And because they are so bad ass:

Image (http://s329.photobucket.com/albums/l398/hardcoreXsuperstar/?action=view&current=Image7.png)

Gotta stay true to the OTPs. <3

[identity profile] foxxcub.livejournal.com 2009-09-09 02:06 am (UTC)(link)
Total bad asses.

Image

[identity profile] 1strangebird.livejournal.com 2009-09-09 12:51 am (UTC)(link)
Frolic!!

Image (http://s20.photobucket.com/albums/b227/Sekhmet72/In%20a%20Panic/OTPs/?action=view&current=458c75d2.jpg)

(I know it's blurry, but I love this picture soo much!!) &hearts &hearts &hearts

[identity profile] foxxcub.livejournal.com 2009-09-09 02:01 am (UTC)(link)
<3333333333333333333333!

I wish this was bigger. :(

Image

[identity profile] thismuchmore.livejournal.com 2009-09-09 02:27 am (UTC)(link)

They're such boyfriends here, I can't stand it.

(LOL HTML FAIL. AND I'M STUDYING WEB DESIGN; I SHOULD KNOW BETTER.)
Edited 2009-09-09 02:28 (UTC)

[identity profile] foxxcub.livejournal.com 2009-09-09 02:30 am (UTC)(link)
I think you and I have talked about this one before?

Image

[identity profile] castoffstarter.livejournal.com 2009-09-09 02:00 pm (UTC)(link)
know what i always loved about jon? this fic i saved forever ago. it's locked now so i hope meg doesn't mind me c&ping. i doubt she will:

remember to sing along
(895) // (PG)
for [livejournal.com profile] we_are_cities june 05 07 (http://community.livejournal.com/we_are_cities/94707.html) prompt.
started as comment!fic for [livejournal.com profile] castoffstarter and then grew. ish.


Jon picks up on the little tiny baby things about each moment, some days, and it makes his head swim with constant possibilities and the idiosyncrasies he knows he could only admire from a step away.
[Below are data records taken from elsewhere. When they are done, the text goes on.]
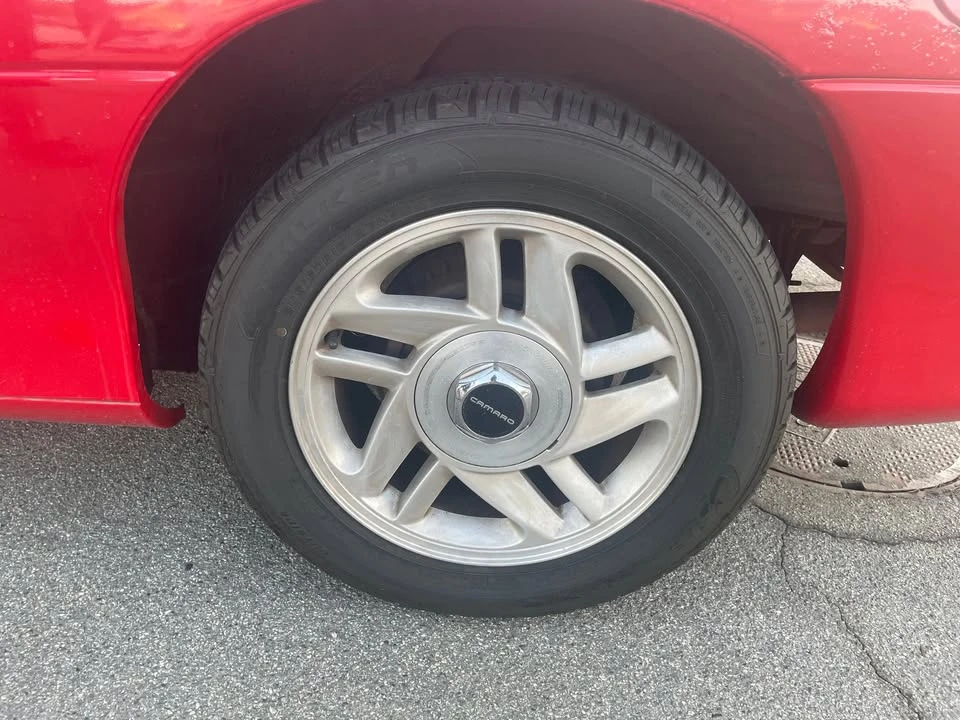 1994 Chevrolet Camaro 4th Gen - Image 7 of 17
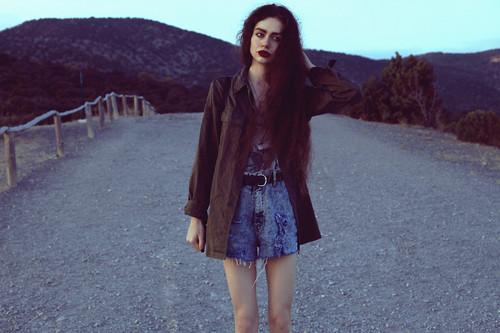 Violet E.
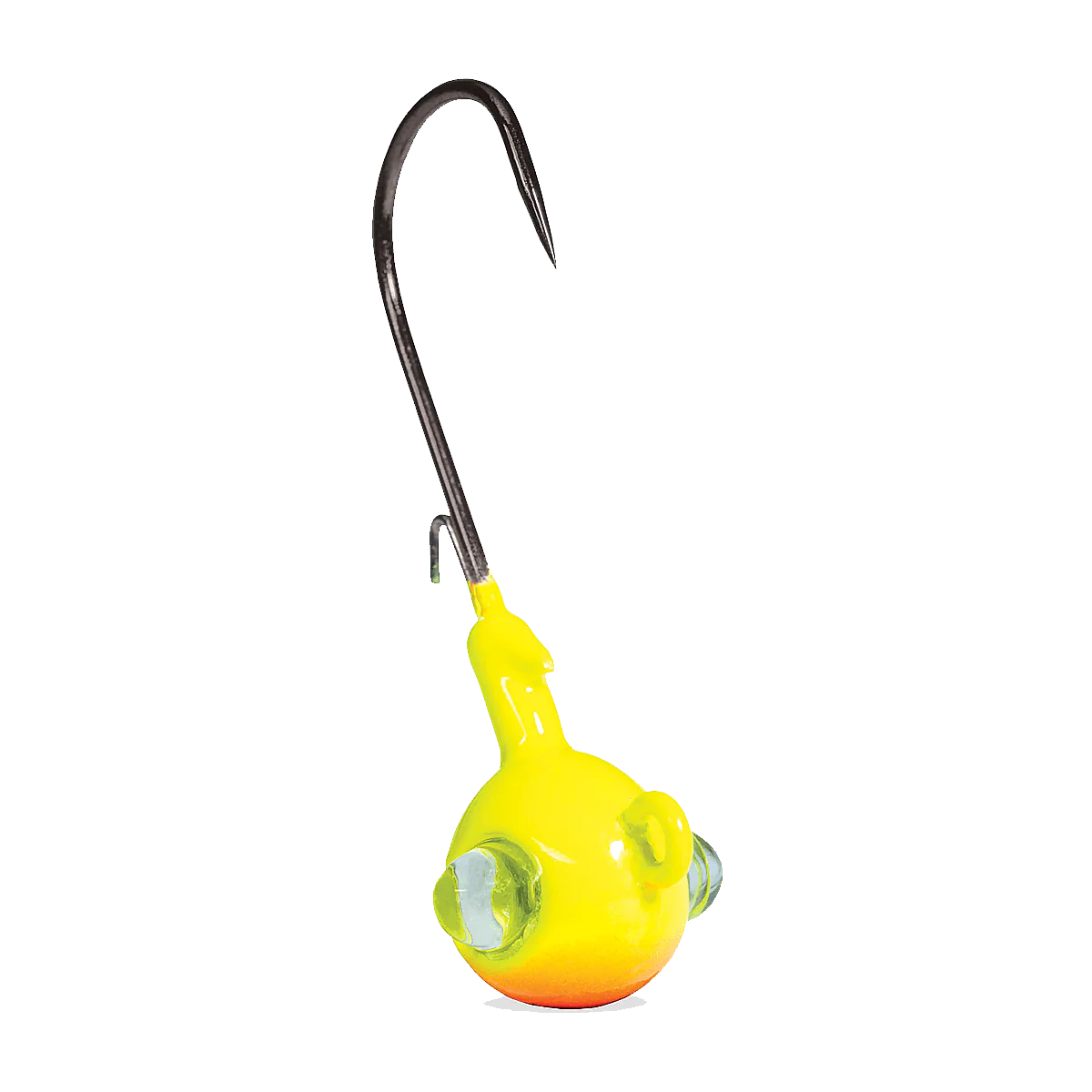 RATTLIN' GOOGLE EYE JIGS 3 PACK - Image 2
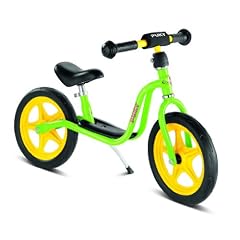Laufrad Puky LR 1 EVA-Bereifung Kid Laufrad mit Soft-Komfortreifen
He remembers being young mostly when he kisses Brendon, and he smiles into Brendon's mouth. At night he thinks about his brothers and their suits and ties, now, and how they're jealous of what he's got but he still feels that urge to keep up. He remembers them running fast out of the front door to get away from him, and the sound of shoes slapping pavement echoed a sort of rejection he hardly feels anymore. When he does, it's pushed away quickly by everything he knows for sure, like steady warmth of a body breathing next to him and hands and shoulders and eyes. At home he's nervous and can't quite sit still, and he aches with a feeling that nothing seems right. He doesn't feel like he exists there in quite the same way that he does when it's the four of them, and the first time he was at home for more than a couple days, it was overwhelming and he didn't get it, mostly tried to ignore and distract and keep busy. He never felt like he fit in, anyway, with his hand-me-downs and his ratty tennis shoes and eyes too honest-looking to be anything but.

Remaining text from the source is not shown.